### [WHAT TO WORK ON]
The listing that follows must be retyped exactly, without its pictures.

### [SOURCE MATERIAL]
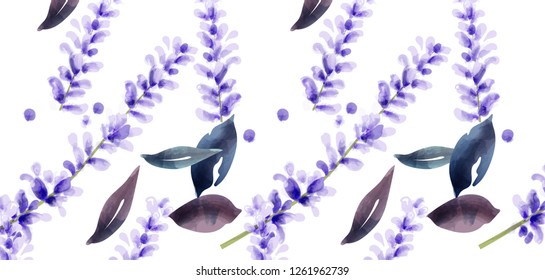 Lavender watercolor pattern Vector. delicate floral blooming decor. Wedding ceremony, postcard, Women day greeting. Flow colorful drops. Beautiful pastel color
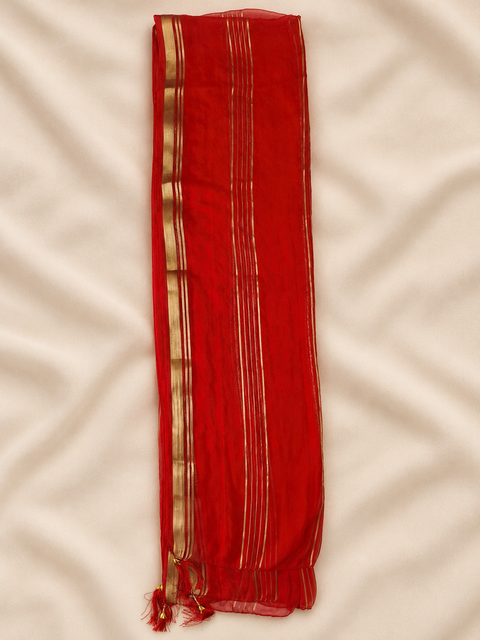 Ajrakh patchwork Chaniya Choli dupatta detail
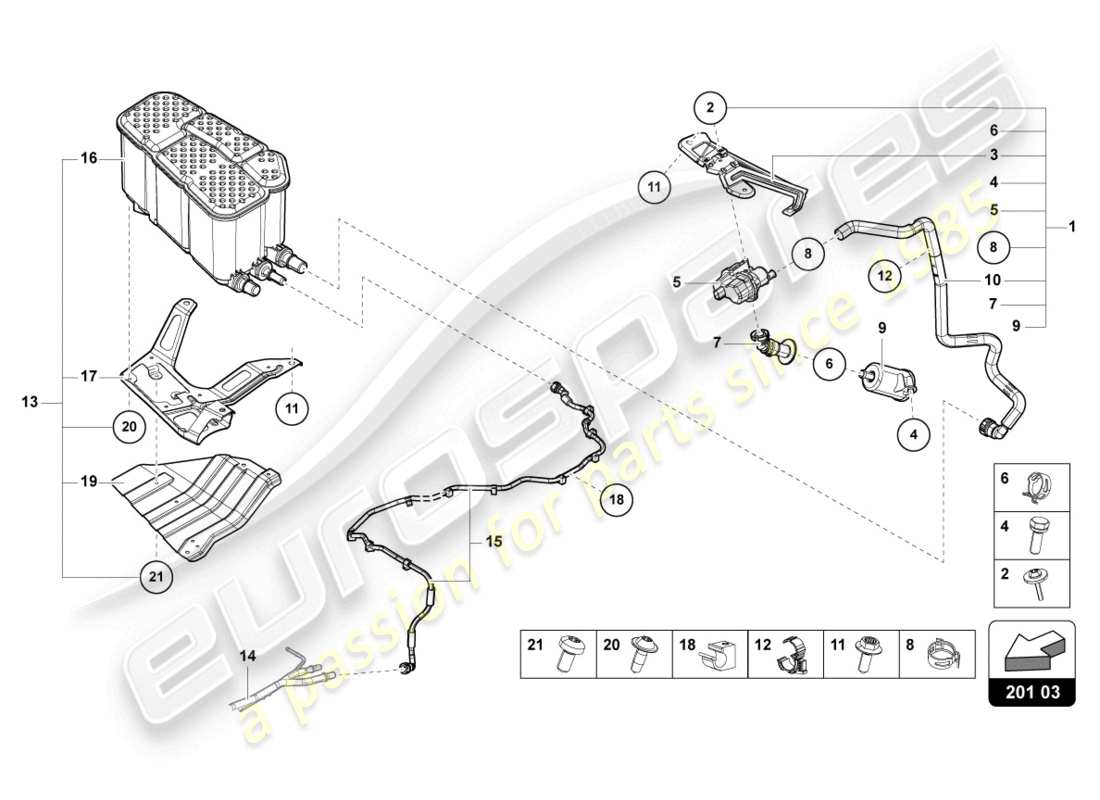 lamborghini urus performante (2024) active charcoal filter with diagnosis pump for fuel delivery system part diagram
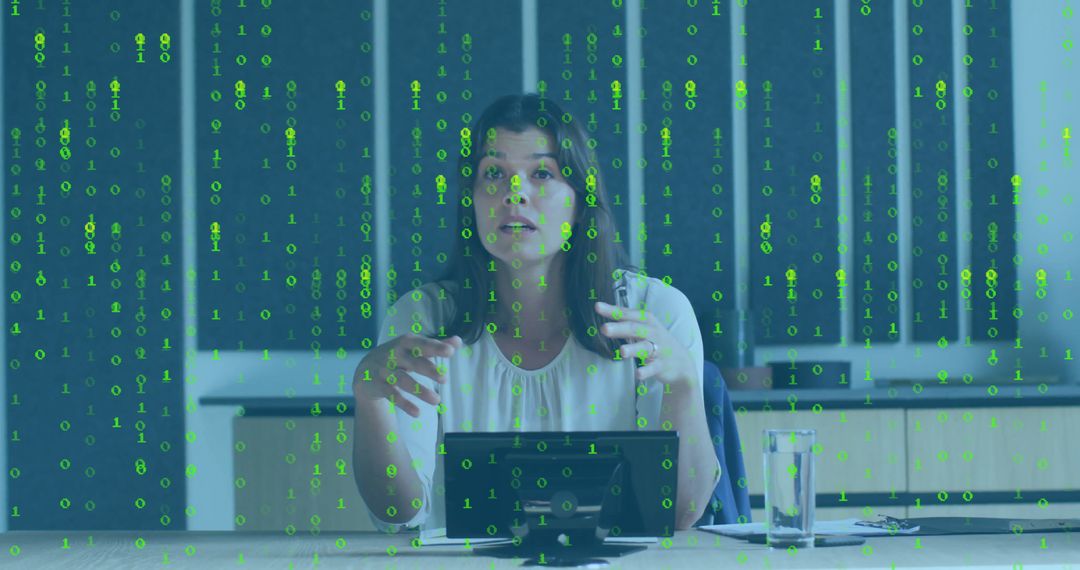 Woman Presenting with Digital Data Stream Overlay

### [OUTPUT OF THE TASK]
 Lavender watercolor pattern Vector. delicate floral blooming decor. Wedding ceremony, postcard, Women day greeting. Flow colorful drops. Beautiful pastel color
 Ajrakh patchwork Chaniya Choli dupatta detail
 lamborghini urus performante (2024) active charcoal filter with diagnosis pump for fuel delivery system part diagram
 Woman Presenting with Digital Data Stream Overlay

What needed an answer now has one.